For a long time, for most of human understanding of pre-history, we’ve believed that Neanderthal were an earlier and less developed people, a precursor to us. Recent DNA studies show this isn’t true. Neanderthals made complex tools, fashioned clothing, painted abstract symbols and markings and most likely had a spoken language. Homo Sapiens and Neanderthals lived at the same time and, not infrequently, they slept together.
I can’t stop imaging what it would be like to have sex with a Neanderthal. Maybe it’d be beautiful. Maybe violent. Neanderthals had small mouth cavities and recessed tongues which meant their voices were always high-pitched and nasally.

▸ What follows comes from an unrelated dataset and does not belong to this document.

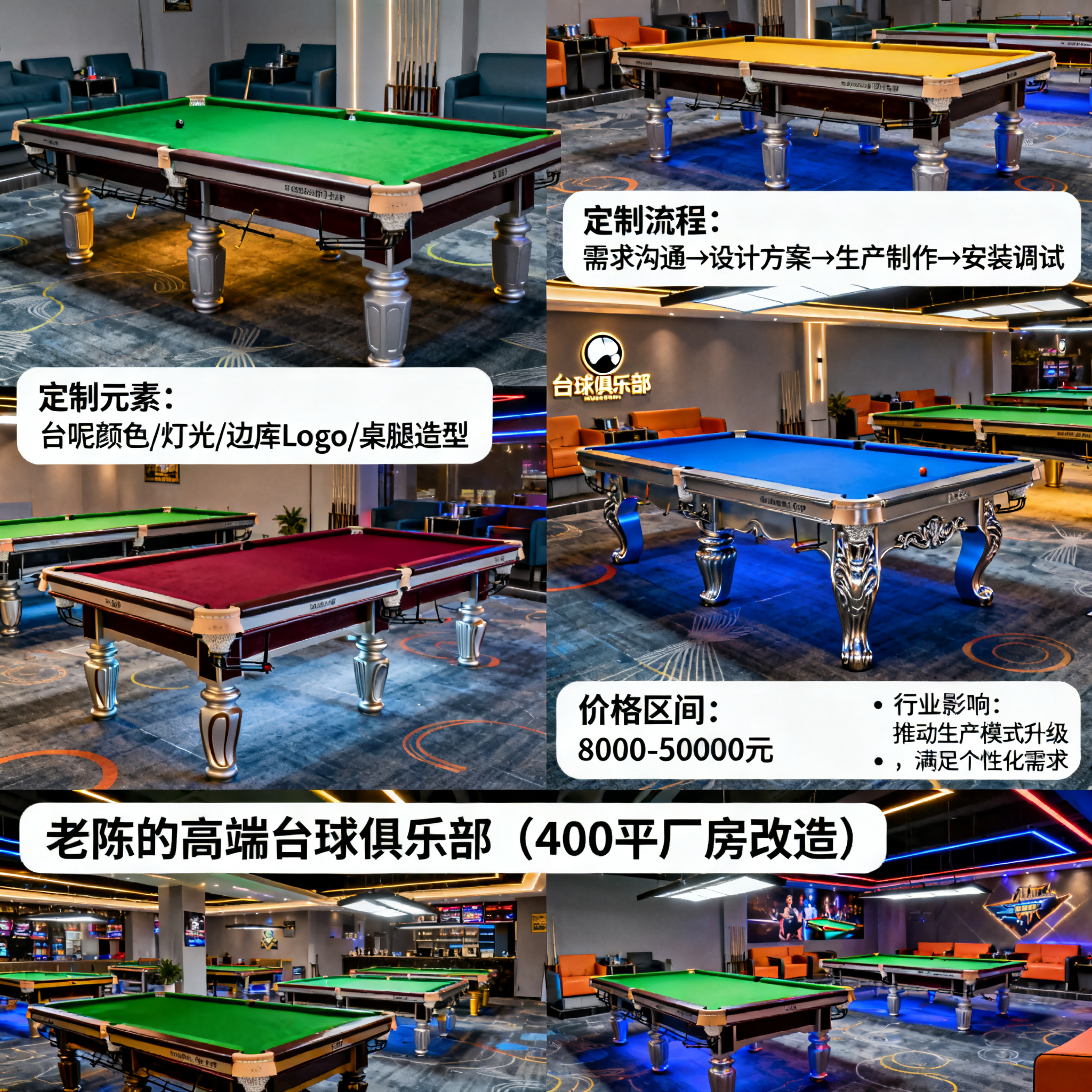 个性化定制台球桌：从图案到尺寸，行业进入“私人订制”时代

It’s fun to imagine how it might feel to be come onto by a human other, how you might remember that you too are a human other.
The theory of “the away” imagines that when something is discarded it simply ceases to exist.
But, what’s thrown out doesn’t really go away. And here it doesn’t at all. The away in Keith Boadwee’s work gets attenuated with color, gets framed, gets put up on the walls, gets canonized, gets contemplated and described. It’s made physical, whether you like it or not.
His work seems ever intrigued by the space it takes up. And by the space a body can make. “It would have been so luxurious,” wrote the poet Joyce Mansour, “To have the power to piss in the street.” (Beneath the Central Tower, for Matta. 1965)
I’m shy, but Keith’s an exhibitionist. He’s got a flasher’s mentality: the kid in preschool constantly reaching down his pants. There is a devious innocence to knowing how to marvel at your own pleasure. It’s also a little disgusting.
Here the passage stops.